# iPad sans Wifi



## Membre supprimé 40703 (6 Juin 2012)

Bonjour,

j'aurais voulus savoir si on pouvait accéder à des fichiers stocker dans un service de cloud (dropbox et compagnie...) sur l'iPad sans connection à internet (donc préalablement téléchargé sur l'iPad...).
Est-ce que les fichiers sont enregistrer sur le iPad ou seulement accessible via le net?
Si on peut y acceder en offline et si on modifie un fichier est-ce qu'il est synchronisé? En gros est-ce que je peux faire comme sur mon Mac?

Merci


----------



## Powerdom (6 Juin 2012)

Bonjour,

Je viens d'essayer par curiosité. 
J'ai un compte dropbox et l'application dropbox sur un iPad. 
Dans l'application il y'a un stockage local. Il est ecrit : consulter les fichiers pour une consultation hors ligne. 
À noter que je n'ai pas pu lire un fichier word en hors ligne...


----------



## Membre supprimé 40703 (8 Juin 2012)

Bonjour, 

Je te remercie pour ta réponse. Quoi qu'il en soit sans Wifi ou sans 3G un iPad est difficilement utilisable si on veut travailler sur des documents et avoir certain flux de travail.


----------



## lineakd (8 Juin 2012)

silencio a dit:
			
		

> Quoi qu'il en soit sans Wifi ou sans 3G un iPad est difficilement  utilisable si on veut travailler sur des documents et avoir certain flux  de travail.



@silencio, quels sont tes documents? Un flux de travail, peux tu expliquer?


----------



## Membre supprimé 40703 (8 Juin 2012)

lineakd a dit:


> @silencio, quels sont tes documents? Un flux de travail, peux tu expliquer?



Concernants les documents, se sont essentiellement des PDF, et le flux de travail, c'est par exemple ce que propose le logiciel Sente. Sur Mac c'est un gestionnaire de références bibliographiques et qui propose une visioneuse PDF intégré. Il existe une version iPad qui permet par synchro d'avoir les articles référencés sur le Mac sur le iPad avec les notes, etc... Sur la version iPad on peut annoter un PDF et le tout est synchronisé entre les 2 plateformes.

J'ai une solution assez similaire pour le moment entre mon MacBook Pro et mon Netbook, il s'agit de Mendeley. Je n'ai pas toujours accés à une connexion internet, mais le fait que je puisse enregistrer directement sur le disque dur du Netbook fait que je peux accéder en offline à mes doc via Mendeley. Puis le soir une fois chez moi, je connecte mon Netbook au net, la synchro s'eefectue et je retrouve sur mon Mac les modifications que j'ai porté aux article avec le Netbook.

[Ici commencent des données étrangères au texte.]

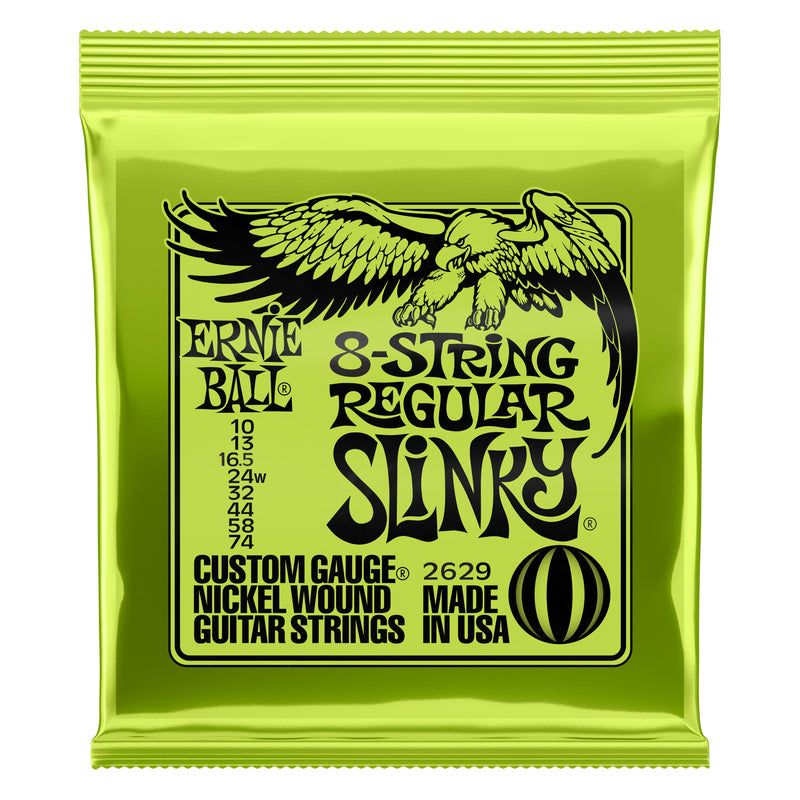 Ernie Ball Regular Slinky Nickel Wound 8-String Electric Guitar Strings - 10-74 Gauge (8-String)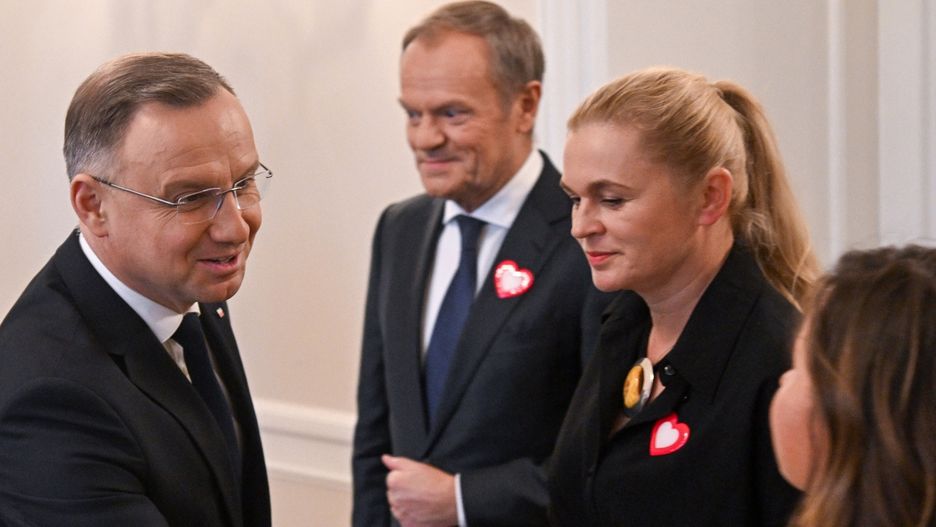 Andrzej Duda i Donald Tusk podczas spotkania w Pałacu Prezydenckim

Je ne sais pas si avec iPad cela est vraiment possible sans connexion permanente (WiFi ou 3G


----------



## Deleted member 284611 (11 Juin 2012)

Cela fonctionne sans soucis avec par exemple sugarsync ou dropbox...


----------



## Gwen (11 Juin 2012)

Si tu stockes tes fichiers en lecture hors ligne grâce à DropBox, tu peux y accéder facilement sans WIFI. Il suffit de cliquer sur l'étoile du milieu une fois le document charger et ensuite il restera sur ton appareil même sans connexion.


----------



## Membre supprimé 40703 (11 Juin 2012)

Est-ce que parmi les utilisateurs du forum il y a des utilisateurs de Mendeley ou de Sente qui peuvent me dire s'ils peuvent consulter les articles sur le iPad sans avoir besoin de les télécharger à la demande et en utilisant le service cloud de Mendeley ou Sente?


----------